Lori Gabriel was seated on a United Airlines flight with her four-year-old her son, Braysen. The little boy who usually loves to fly, began to have what Lori described as “a meltdown.”
The flight was about to take off from San Diego when Braysen, who suffers from autism, slipped out of his seat and wanted to sit in the aisle.
“We were trying to get him back into his chair and get his seatbelt back on, and that’s when he had his meltdown and started kicking, screaming and hitting,” said Gabriel in an interview with Fox News.
A flight attendant told her that the flight couldn’t take off until Braysen was seated. Concerned that they were going to get kicked off the flight Gabriel apologised and explained that Braysen was autistic.
The flight attendant allowed Gabriel to hold Braysen on her lap for takeoff.

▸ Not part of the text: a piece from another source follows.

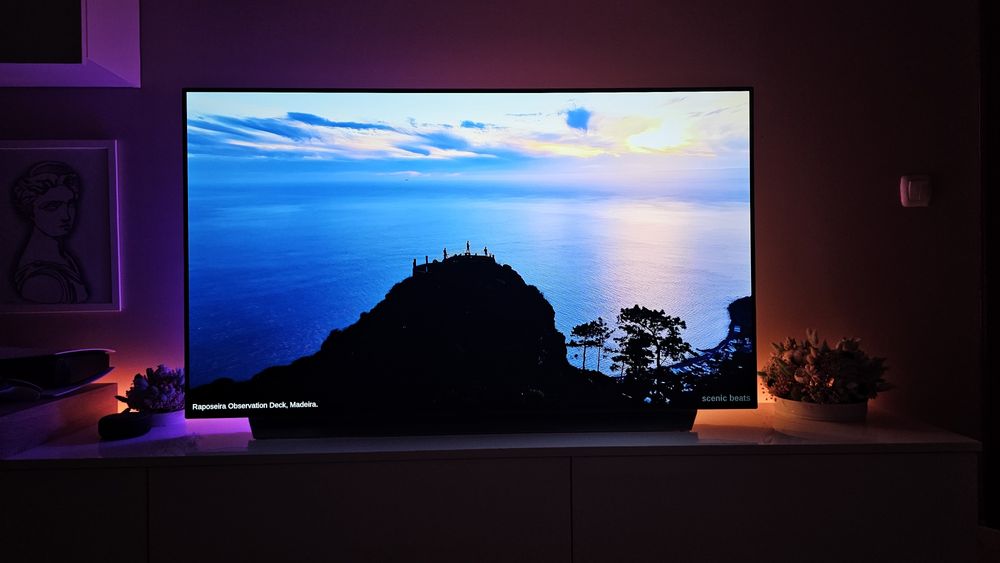 LG OLED 55C12LA - 139cm | 55 i inch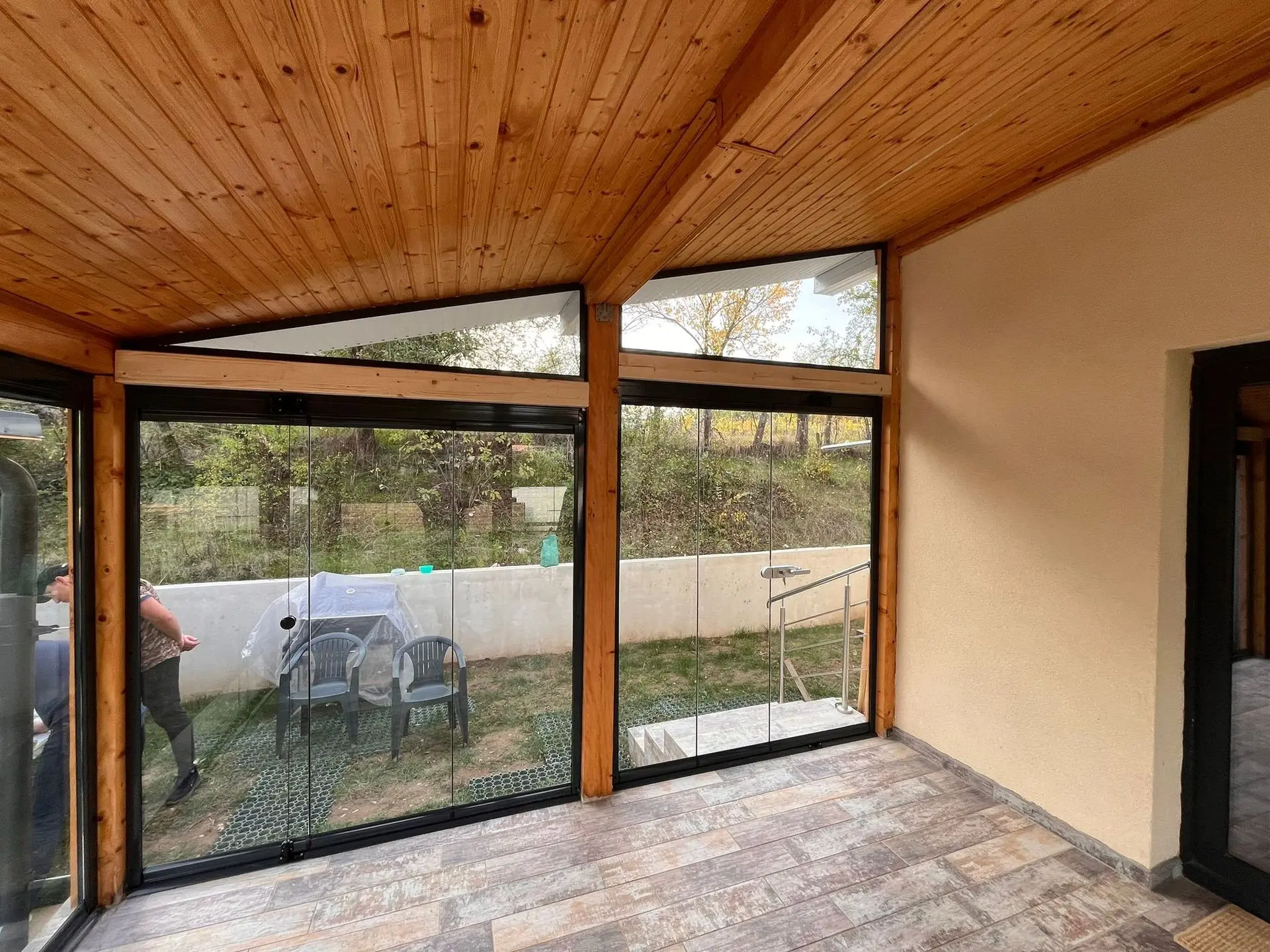 Închidere Terasă cu Sistemul Glisant Valedo BKS-T în București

Gabriel told Fox News that after the seatbelt sign had been turned off, “I just couldn’t hold him anymore because he was fighting me the entire time and that’s when he sat on the floor.”
She was impressed with the treatment she and her son received from United Airlines. Braysen made his way up to the first-class section and was “messing” with a man’s seat and was not told off by anyone on board.
After touchdown in Houston, she posted on Facebook saying: “To the man in first-class seat 6C you rock thanks for playing with Braysen and not minding him kicking your seat or messing with you! He loved your high fives!”
She also thanked a lady (an off-duty United flight attendant who was seated nearby) for an encouraging note she wrote and for not being bothered when Braysen began kicking her feet as he was on the ground.